Given a collection of $m$ sets from a universe $\mathcal{U}$, the Maximum Set Coverage problem consists of finding $k$ sets whose union has largest cardinality. This problem is NP-Hard, but the solution can be approximated by a polynomial time algorithm up to a factor $1-1/e$. However, this algorithm does not scale well with the input size. In a streaming context, practical high-quality solutions are found, but with space complexity that scales linearly with respect to the size of the universe $|\mathcal{U}|$. However, one randomized streaming algorithm has been shown to produce a $1-1/e-\varepsilon$ approximation of the optimal solution with a space complexity that scales only poly-logarithmically with respect to $m$ and $|\mathcal{U}|$. In order to achieve such a low space complexity, the authors used a technique called subsampling, based on independent-wise hash functions, and $F_0$-sketching. This article focuses on this sublinear-space algorithm and introduces methods to reduce the time cost of subsampling. Firstly, we give some optimizations that do not alter the space complexity, number of passes and approximation quality of the original algorithm. In particular, we reanalyze the error bounds to show that the original independence factor of $\Omega(\varepsilon^{-2} k \log m)$ can be fine-tuned to $\Omega(k \log m)$. Secondly we show that $F_0$-sketching can be replaced by a much more simple mechanism. Finally, our experimental results show that even a pairwise-independent hash-function sampler does not produce worse solution than the original algorithm, while running significantly faster by several orders of magnitude.

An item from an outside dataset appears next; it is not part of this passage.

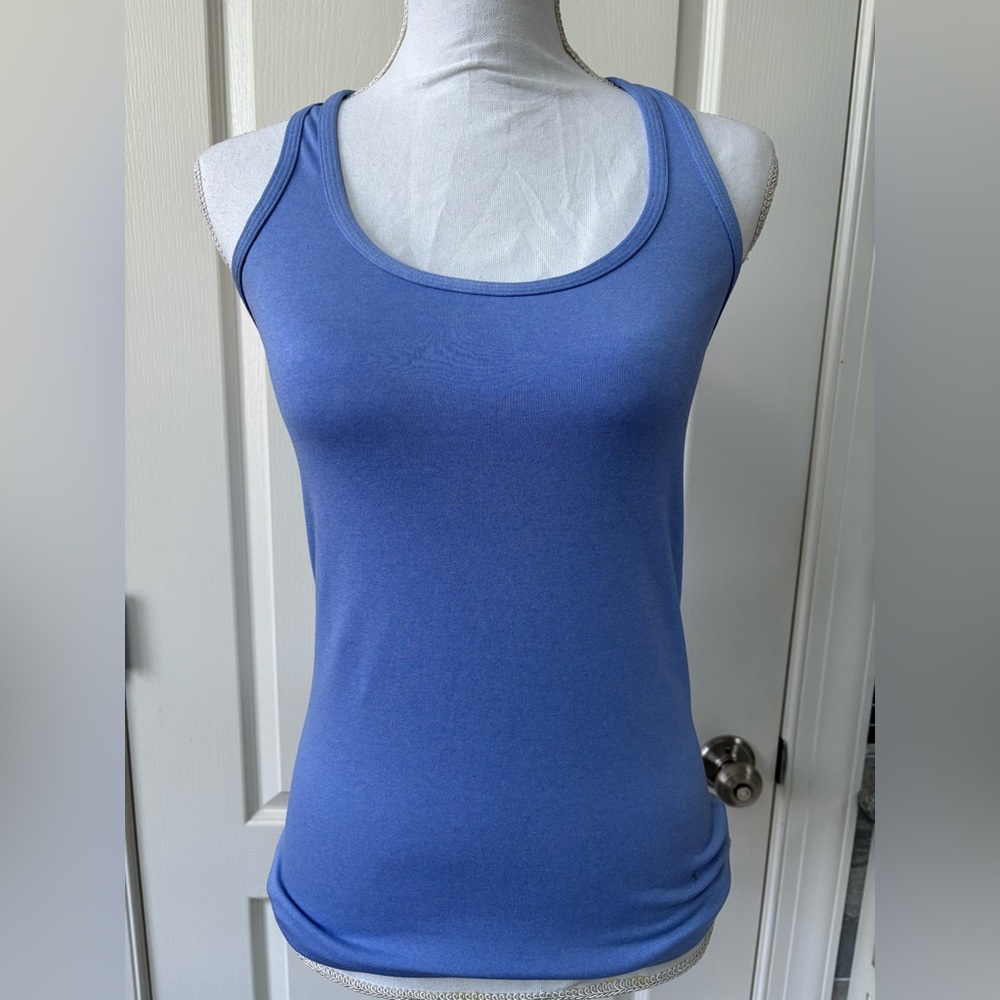 The North Face Racerback Athletic Tank Top Size Medium Lilac Yoga Running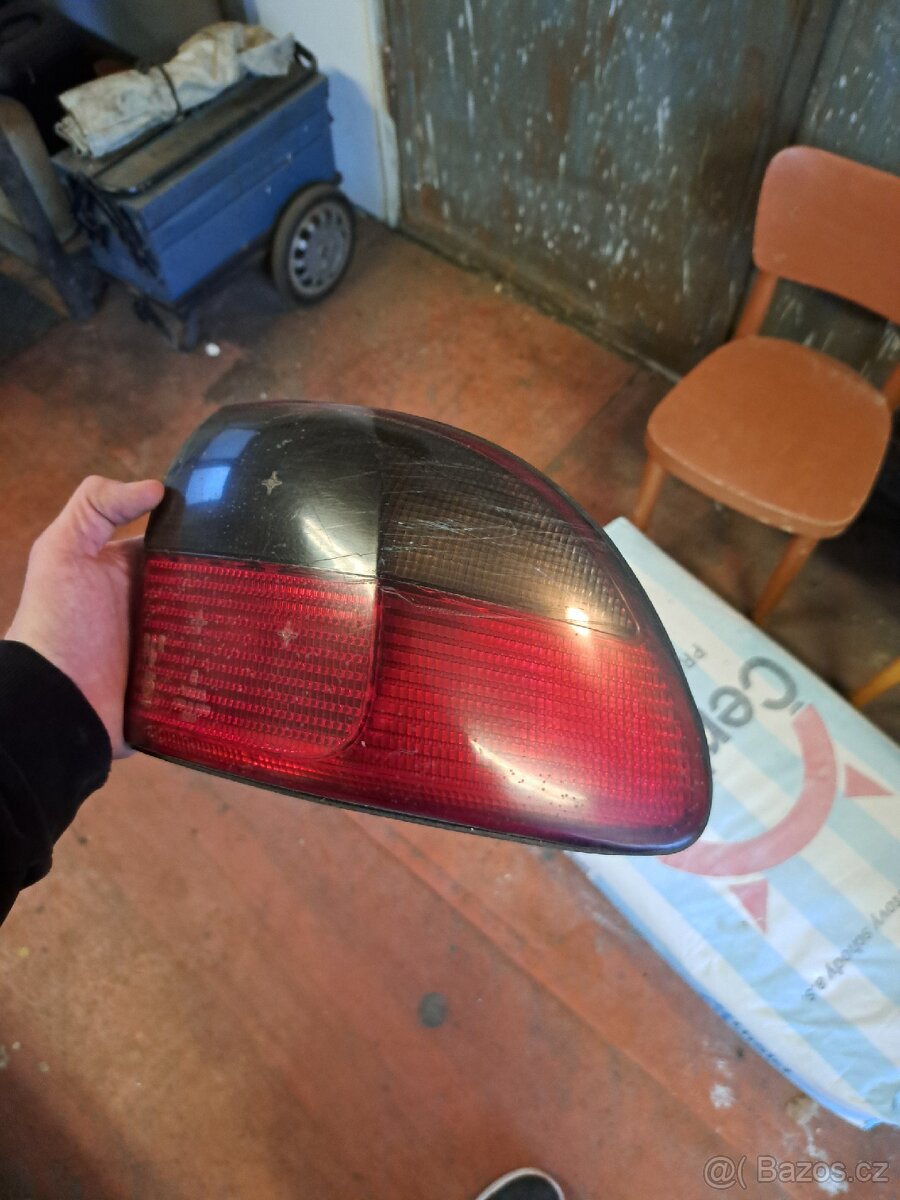 Opel Omega B zadní světlo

翻译：给定来自全集 $\mathcal{U}$ 的 $m$ 个集合，最大集合覆盖问题旨在选取 $k$ 个集合使得其并集的基数最大化。该问题为NP难问题，但可通过多项式时间算法获得 $1-1/e$ 近似比。然而该算法难以随输入规模扩展。在流式处理场景中，虽能获得实际高质量解，但其空间复杂度与全集规模 $|\mathcal{U}|$ 呈线性关系。已有随机流式算法可输出 $1-1/e-\varepsilon$ 近似最优解，且空间复杂度仅与 $m$ 和 $|\mathcal{U}|$ 呈多对数关系。为实现该低空间复杂度，作者采用基于独立哈希函数与 $F_0$ 草图技术的子采样方法。本文聚焦该亚线性空间算法，提出降低子采样时间开销的方法。首先给出不改变原算法空间复杂度、遍历次数与近似质量的若干优化，通过重新分析误差界将原算法 $\Omega(\varepsilon^{-2} k \log m)$ 的独立因子精调至 $\Omega(k \log m)$。其次证明 $F_0$ 草图可被更简洁的机制替代。最后实验表明，即便采用两两独立的哈希函数采样器，其求解质量也不劣于原算法，但运行速度提升数个数量级。